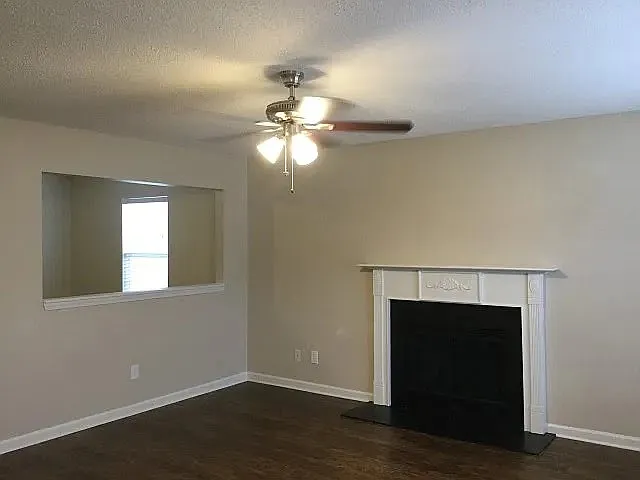 334 Aberdeen Cir — Photo 6
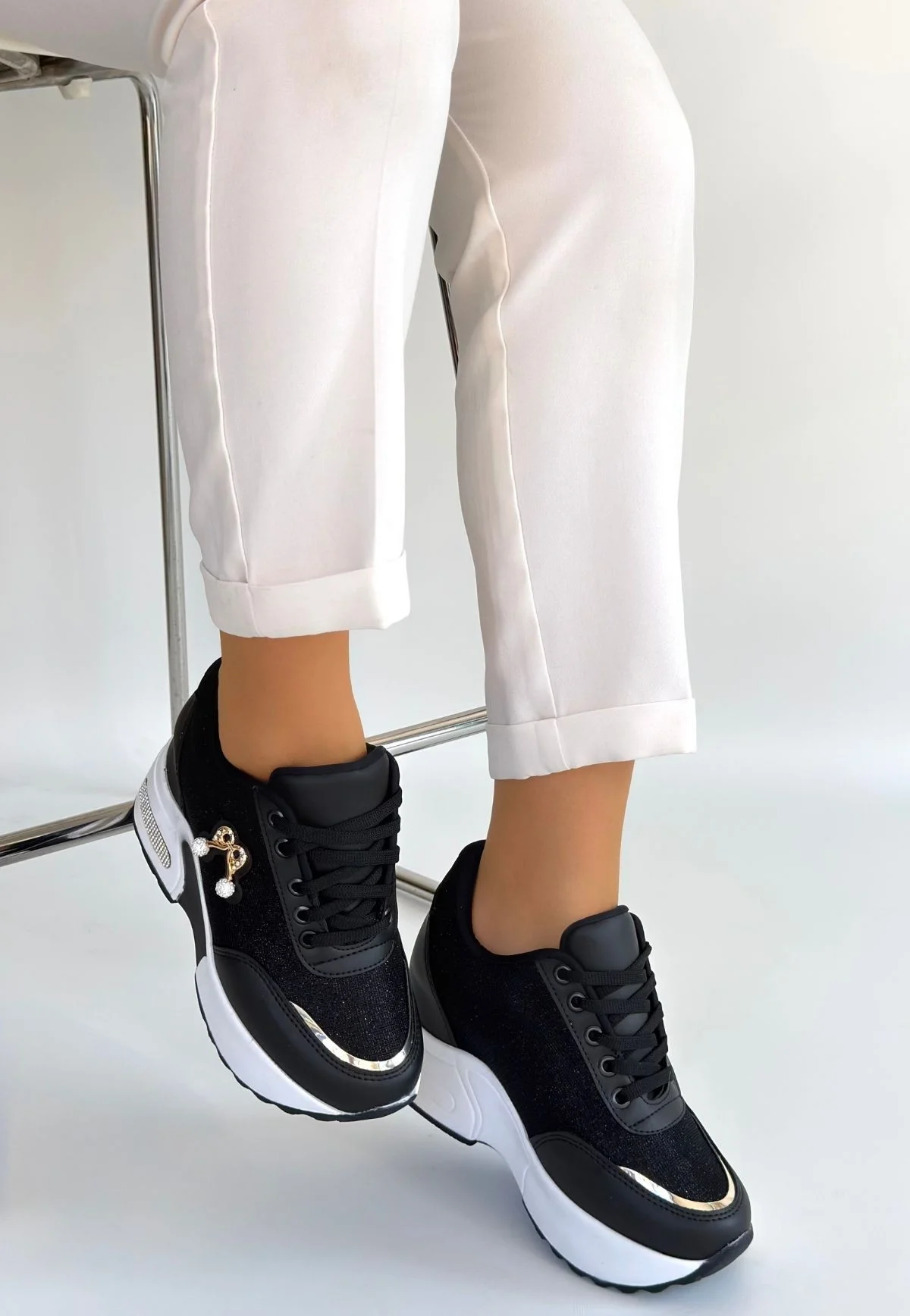 Wody Siyah Cilt Simli Bağcıklı Spor Ayakkabı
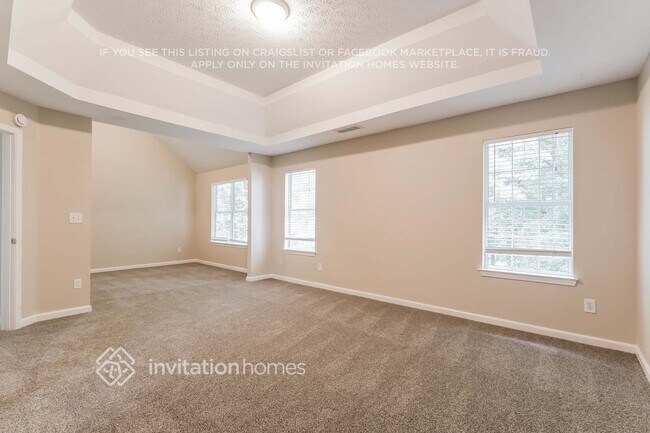 Building Photo - 521 Michael Cir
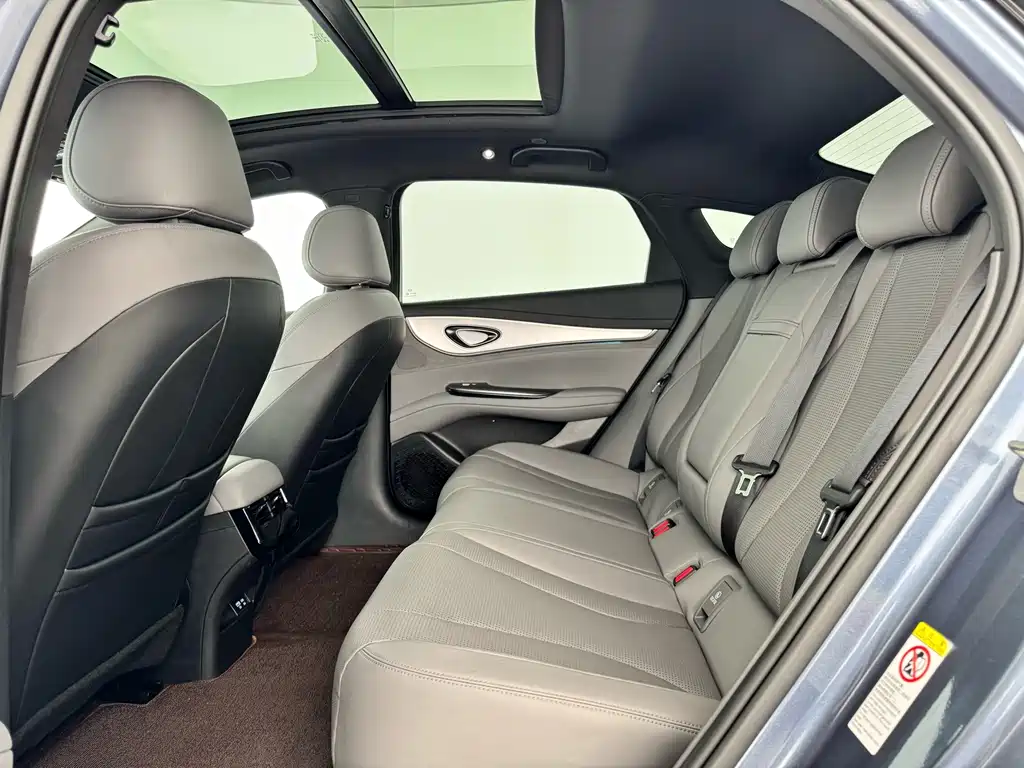 BYD Seal 07 DM-i — фото 10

--

BRIEF: This task asks for the data above repeated exactly, without a single picture.

RESPONSE AREA:
 334 Aberdeen Cir — Photo 6
 Wody Siyah Cilt Simli Bağcıklı Spor Ayakkabı
 Building Photo - 521 Michael Cir
 BYD Seal 07 DM-i — фото 10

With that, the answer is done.